Hide Forgot
Description of problem: The addition of a recovery alert element to an alert causes the alert not to fire. Removing this recovery alert allows the alert to fire again. Version-Release number of selected component (if applicable): 3.1.2 with hotfix-03 How reproducible:Always Steps to Reproduce: 1. Import and manage an EAP 5 server 2. Be sure to start the EAP 5 server in terminal window with script: bin/runs.sh -c default 3. Enable Log Events for the server 4. Create 2 Alerts Dummy Alert: -name: Dummy Alert -disabled: true Down Recovery Alert -name: Down Recovery Alert -condition: availability duration: stays down for 1 minute [-notifications: resource operation: start this resource] optional 5. Do a ctrl-c to gracefully stop the EAP 5 server (not a hard stop with kill -9). We want the shutdown logs to trigger the alert and it does after a minute or two. 6. Now start the server again with run.sh -c default 7. Change the 'Down Recovery Alert' to add a recovery alert to enable Dummy Alert 8. Do a ctrl-c to gracefully stop the EAP 5 server. 9. Observer that alert never fires 10. Optionally, take off the recovery alert and it will work again. Actual results: Alert doesn't fire now Expected results: Alert should fire with the addition of an recovery alert on it. Additional info:
I'm not sure if there is really an issue here or not. Perhaps. But also possible is an understanding issue or recovery alerting and/or alert duration conditions. Moreover, there have been some fixes put in place since 3.1.2 that could feasible affect this behavior. So, I'd suggest it be tested against RHQ 4.9 or JON 3.2 before any further investigation. Remember that when using recovery alerts the idea is that you have two alert defs that are mutually exclusively doing condition matching. The problem alert def should be initially enabled and if fired will be disabled and the recovery alert def will be active. If the recovery alert def fires it will then re-enable the problem alert def and go back to sleep until it is needed again. Availability change conditions match only when the relevant change of availability is detected. Availability duration conditions match only when the relevant change in availability is detected, and then the same availability type is set after the duration period expires. In essence it's a "goes down and stays down for X minutes" condition (if using Down avail, for example). So, in the scenario above, I would expect that if the logEvent alert def was created and enabled, and the recovery alert def was defined, then at the time of the ctrl-c the logEvent alert def should fire, be disabled automatically and the recovery alert def should enable. But, it's quite possible that before the recovery alert def is ready to condition match (especially in 3.1.2, this was sped up in 3.2) that the down availability has already been reported. In this situation the "goes down" portion of the avail duration condition will not match. Therefore the recovery alert def will not fire until perhaps the server cycled again completely. Last comment: I'm not exactly sure why there would be a log event alert def that seems to be looking for a shutdown event, and then a recovery alert def for goes down for x minutes. That seems like two defs for basically the same thing. Typically the recovery alert def would be a "goes up" condition.

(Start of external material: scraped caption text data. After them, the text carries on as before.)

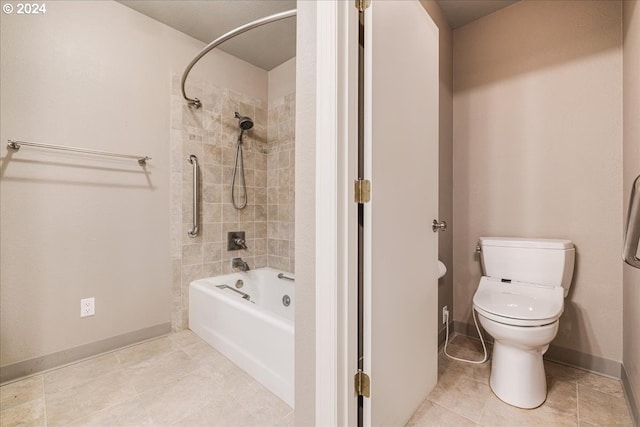 bathroom with tiled shower / bath combo, tile patterned floors, and toilet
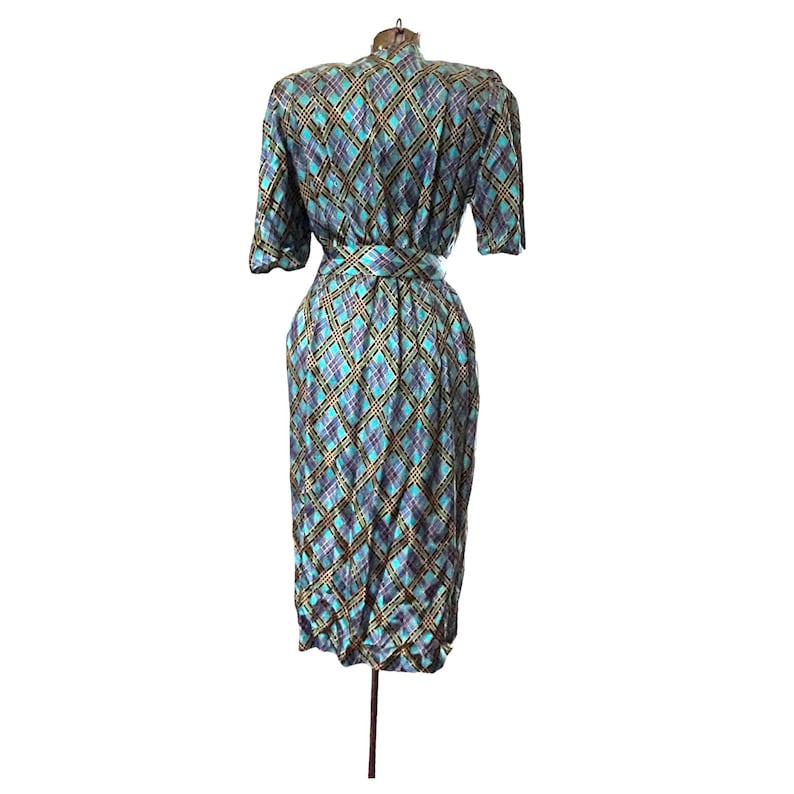 K&ouml;nnte beinhalten: Ein blaues und goldenes kariertes Kleid mit kurzen &Auml;rmeln und einem G&uuml;rtel. Das Kleid ist auf einer Puppe.
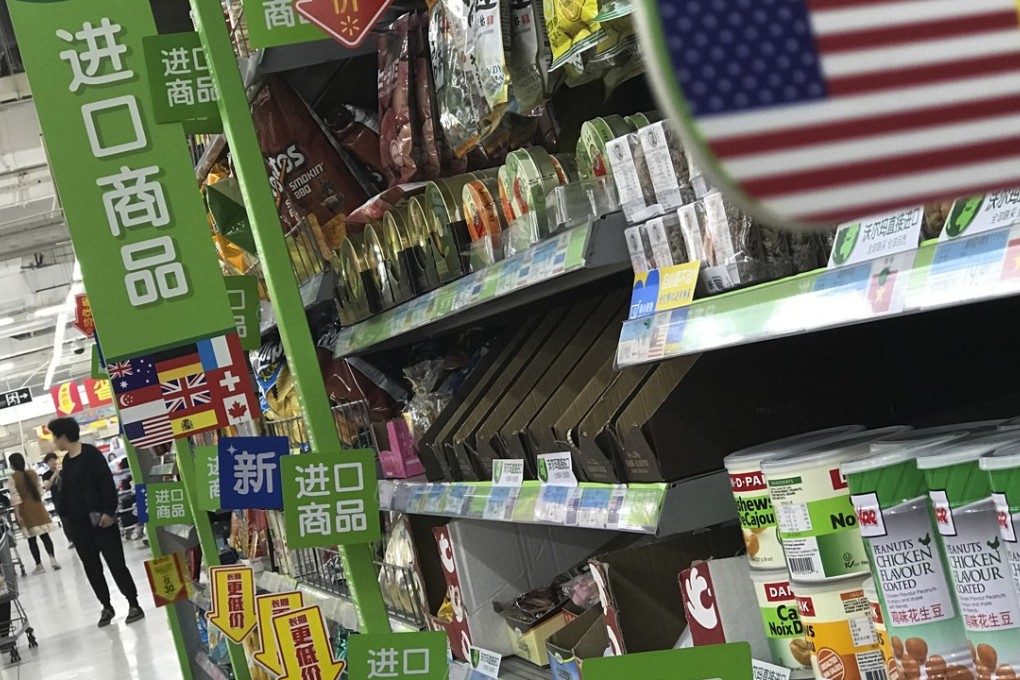 Items imported from the US and other countries on display in a supermarket in Beijing. A report released by China’s State Council Information Office last week outlining its commitment to the WTO should provide some reassurance to frustrated foreign companies based on the mainland. Photo: AP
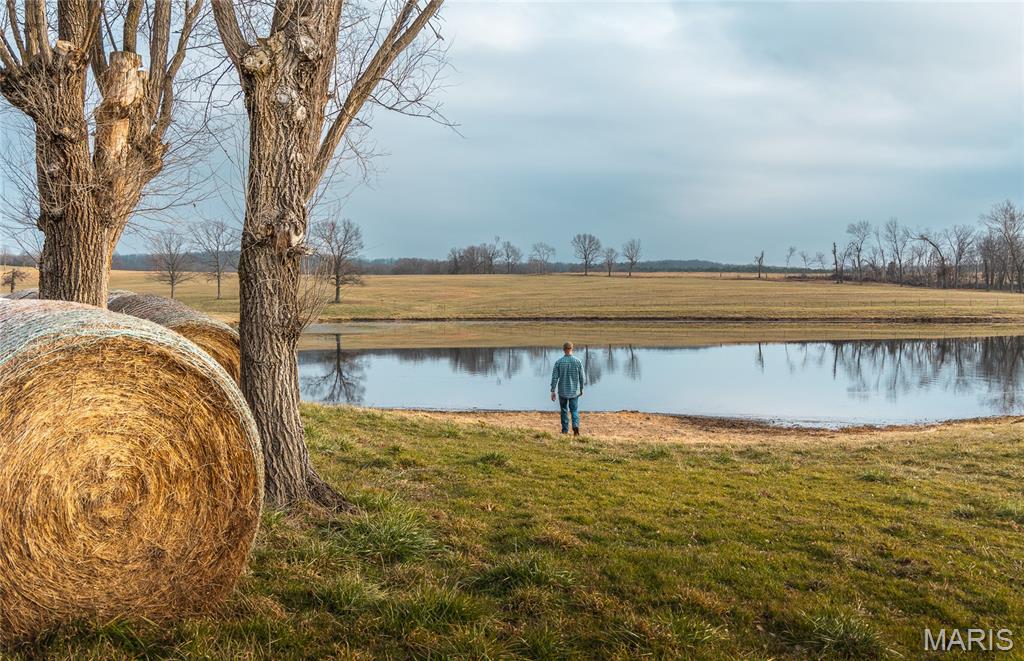 Exceptionally clean 91.5± acre turnkey cattle farm offering productive ground, income potential, and a stocked lake—ready to use from day one. Recently surveyed and fully fenced with new 5-strand barbed wire, including cross fencing. Nearly every acre is usable for grazing or hay production, with over 300 large round bales produced last season. A spring-fed creek provides reliable year-round water for livestock.

The property features a well-maintained 3± acre stocked lake with bass and crappie, adding both functional water access and outstanding recreational value. Improvements include a dry antique barn with capacity for approximately 180 round bales plus equipment storage, a calving shed, and an additional storage shed.

A charming 2-bedroom, 1-bath farmhouse is currently rented, offering immediate income or the option for owner occupancy. The land is nearly flat with gentle elevation changes that create incredible west-facing views overlooking pasture and lake. Electric runs across the property at the hilltop, making it an ideal future homesite.

Nearly a half mile of paved road frontage provides easy access. Conveniently located just 12 minutes from Potosi and just over an hour from St. Louis. Excellent long-term potential for a multi-home estate, family retreat, or shared ownership property. Deer and turkey are abundant, with trophy bucks harvested.

Call today to schedule a private tour.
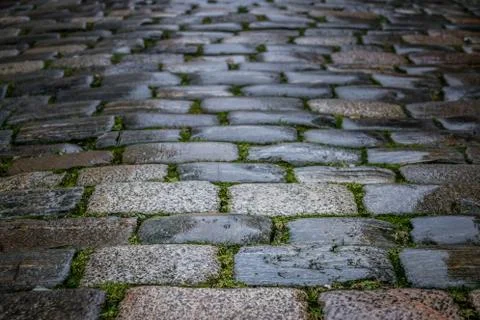 Pattern of a cobblestones on a road Stock Photos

I tested using the steps described by "Steps to Reproduce" in comment 0 but was unable to see any wrong behavior. It isn't clear what the log events have to do with this as the steps don't seem to describe their use. However, setting up two alert definitions and then later making one recover the other seems to work just fine. One note though, I see that in the test steps the alert to be recovered (Dummy Alert) is disabled to start. Perhaps an enable step was missing in the list but if not, then the behavior would essentially be expected. In other words, the Dummy Alert would never to evaluated because it was disabled and the recovery alert itself (Down Recovery Alert) would never be evaluated because the alert condition of the Dummy Alert never occurred and made Down Recovery Alert eligible for evaluation. If I am missing anything and closing this in error, please provide more information as it related to JBoss ON 3.2.